The Cutthroats, led by Bloody Jack, attacked the Temple of the Sea God. Several acolytes were slain before we arrived and dispatched the malefactors. Mother Lorrel stated that her god would send a storm to cleanse the temple of its defilement. She also expressed concern for a Sister Gwendolyn who was missing. We found her speaking to Thuron at the Temple of Knowledge and escorted her back. 
16 Swordfish 
The Sea Lord’s Guard are conducting a purge of the city, hunting down the surviving members of the Cutthroats and Buccaneers. First hurricane of the season appears to be brewing. 
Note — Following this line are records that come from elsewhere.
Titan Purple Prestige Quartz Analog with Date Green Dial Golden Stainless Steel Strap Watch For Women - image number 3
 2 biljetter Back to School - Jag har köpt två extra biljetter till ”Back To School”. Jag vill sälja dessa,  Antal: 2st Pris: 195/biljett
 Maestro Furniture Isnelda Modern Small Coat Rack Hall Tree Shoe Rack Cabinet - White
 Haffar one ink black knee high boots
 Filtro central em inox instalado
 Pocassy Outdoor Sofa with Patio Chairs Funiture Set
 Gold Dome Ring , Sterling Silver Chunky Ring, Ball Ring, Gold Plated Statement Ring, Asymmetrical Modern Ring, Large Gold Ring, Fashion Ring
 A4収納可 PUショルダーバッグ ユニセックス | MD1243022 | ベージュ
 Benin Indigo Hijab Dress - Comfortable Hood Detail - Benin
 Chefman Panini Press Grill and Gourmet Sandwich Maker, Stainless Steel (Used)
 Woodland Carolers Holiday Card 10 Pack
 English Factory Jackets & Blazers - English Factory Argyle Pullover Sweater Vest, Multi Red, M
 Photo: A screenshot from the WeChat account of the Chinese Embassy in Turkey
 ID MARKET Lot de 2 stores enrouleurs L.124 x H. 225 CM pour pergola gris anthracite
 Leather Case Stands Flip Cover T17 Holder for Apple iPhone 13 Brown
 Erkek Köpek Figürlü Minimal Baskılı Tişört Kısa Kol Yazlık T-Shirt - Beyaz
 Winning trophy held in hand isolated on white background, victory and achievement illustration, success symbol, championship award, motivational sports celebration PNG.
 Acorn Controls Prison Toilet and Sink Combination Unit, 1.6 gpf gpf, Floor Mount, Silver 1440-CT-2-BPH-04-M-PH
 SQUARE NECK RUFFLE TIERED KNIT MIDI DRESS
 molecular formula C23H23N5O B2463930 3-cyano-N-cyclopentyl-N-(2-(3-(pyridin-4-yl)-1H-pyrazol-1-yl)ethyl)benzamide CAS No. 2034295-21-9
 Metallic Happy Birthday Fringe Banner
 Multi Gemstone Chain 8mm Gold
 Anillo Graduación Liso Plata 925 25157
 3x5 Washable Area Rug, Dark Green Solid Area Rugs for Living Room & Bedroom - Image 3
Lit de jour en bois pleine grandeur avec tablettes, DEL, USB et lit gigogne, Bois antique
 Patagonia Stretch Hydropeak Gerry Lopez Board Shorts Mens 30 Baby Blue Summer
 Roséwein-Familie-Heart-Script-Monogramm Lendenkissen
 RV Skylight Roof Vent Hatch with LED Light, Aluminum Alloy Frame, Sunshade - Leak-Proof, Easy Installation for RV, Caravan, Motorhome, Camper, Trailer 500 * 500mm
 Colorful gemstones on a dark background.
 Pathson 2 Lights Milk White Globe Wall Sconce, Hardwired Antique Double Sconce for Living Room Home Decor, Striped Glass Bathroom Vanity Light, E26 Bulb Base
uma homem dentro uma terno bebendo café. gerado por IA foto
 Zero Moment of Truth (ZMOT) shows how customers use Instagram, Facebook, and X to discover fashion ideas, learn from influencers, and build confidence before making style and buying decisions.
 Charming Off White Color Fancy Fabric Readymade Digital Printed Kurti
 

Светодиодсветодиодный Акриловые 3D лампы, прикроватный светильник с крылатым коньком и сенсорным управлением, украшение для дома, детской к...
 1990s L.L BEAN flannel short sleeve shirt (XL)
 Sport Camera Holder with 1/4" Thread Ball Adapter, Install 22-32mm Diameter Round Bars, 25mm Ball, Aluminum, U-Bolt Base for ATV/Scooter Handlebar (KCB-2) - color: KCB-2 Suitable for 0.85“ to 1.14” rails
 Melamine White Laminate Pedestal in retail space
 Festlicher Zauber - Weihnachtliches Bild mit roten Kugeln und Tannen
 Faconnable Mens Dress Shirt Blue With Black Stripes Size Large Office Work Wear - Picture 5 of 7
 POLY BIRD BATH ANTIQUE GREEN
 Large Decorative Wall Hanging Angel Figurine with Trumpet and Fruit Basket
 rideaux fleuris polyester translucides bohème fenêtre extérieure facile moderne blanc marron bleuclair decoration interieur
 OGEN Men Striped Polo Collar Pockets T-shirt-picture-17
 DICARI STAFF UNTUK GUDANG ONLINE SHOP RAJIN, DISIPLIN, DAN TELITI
Sister Gwendolyn approached me and asked that we speak to Captain Marcus Roberts regarding the rumored disappearance of Lady Elise Grossette. Roberts stated that he suspected a political rival, Arias Soderheim of abducting the lady. Reconnaissance at her estate led Bergo to discover that she had been removed through her second story window by elven pirates the night before. Further investigation revealed that Captain Sharpe of the Knife had departed in haste. He appeared to be heading to Windward. 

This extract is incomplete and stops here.